The following example demonstrates UTF-16 to UTF-8 conversion.
#include <iostream>
#include <locale>
#include <codecvt>
#include <string>
int main() {
std::wstring sourceWide = L"Hello, World! 你好世界!";
std::wstring_convert<std::codecvt_utf8<wchar_t>> transcoder;
std::string resultUtf8 = transcoder.to_bytes(sourceWide);
std::cout << "UTF-8 Output: " << resultUtf8 << std::endl;
std::wstring_convert<std::codecvt<wchar_t, char, std::mbstate_t>> localeTranscoder;
std::wstring backToWide = localeTranscoder.from_bytes(resultUtf8);
std::wcout.imbue(std::locale("en_US.utf-8"));
std::wcout << L"Wide String: " << backToWide << std::endl;
return 0;
}
Converting between narrow and wide strings follows a similar pattern.
#include <iostream>
#include <locale>
#include <codecvt>
#include <string>
int main() {
std::wstring wideStr = L"测试字符串";
std::wstring_convert<std::codecvt<wchar_t, char, std::mbstate_t>>
conv(new std::codecvt<wchar_t, char, std::mbstate_t>(""));
std::string narrow = conv.to_bytes(wideStr);
std::wstring wide = conv.from_bytes(narrow);
std::cout << narrow << std::endl;
std::wcout.imbue(std::locale(""));
std::wcout << wide << std::endl;
return 0;
}
C++17 Encoding Conversion and Modern Alternatives
In C++17, std::codecvt carries a deprecation warning, prompting developers to consider alternative approaches.
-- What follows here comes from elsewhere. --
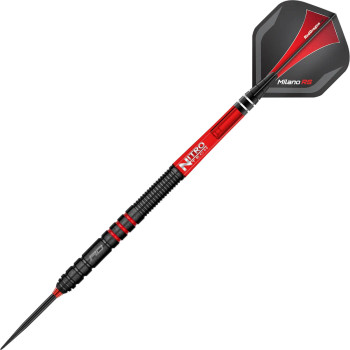 Red Dragon Carnage 3 Steel Tip Darts - 23g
A common replacement uses std::codecvt_utf8_utf16 for UTF-8 and UTF-16 interoperation.
#include <iostream>
#include <locale>
#include <codecvt>
#include <string>
int main() {
std::wstring wideStr = L"Unicode Text 文字";
std::wstring_convert<std::codecvt_utf8_utf16<wchar_t>> converter;
std::string utf8Result = converter.to_bytes(wideStr);
std::cout << "UTF-8: " << utf8Result << std::endl;
std::wstring restored = converter.from_bytes(utf8Result);
std::wcout.imbue(std::locale(""));
std::wcout << L"Restored: " << restored << std::endl;
return 0;
}
This approach simplifies the conversion process by eliminating the need for manual locale object creation. The conversion flows naturally from wide string to UTF-8 and back.
For GBK and other legacy encodings, the standard library does not provide direct codecvt facets. The following example illustrates UTF-8 to UTF-16 conversion, which serves as a foundation for implementing other encoding workflows.
#include <iostream>
#include <codecvt>
#include <locale>
#include <string>
int main() {
std::string inputData = "Test Data 测试数据";
std::wstring_convert<std::codecvt_utf8_utf16<wchar_t>> transformer;
std::wstring intermediate = transformer.from_bytes(inputData);
std::wcout << L"Intermediate Form: " << intermediate << std::endl;
std::string outputData = transformer.to_bytes(intermediate);
std::cout << "Output: " << outputData << std::endl;
return 0;
}
For production applications requiring GBK support or other locale-specific encodings, third-party libraries such as libiconv or platform-specific APIs provide more comprehensive coverage than the standard library's deprecated facilities.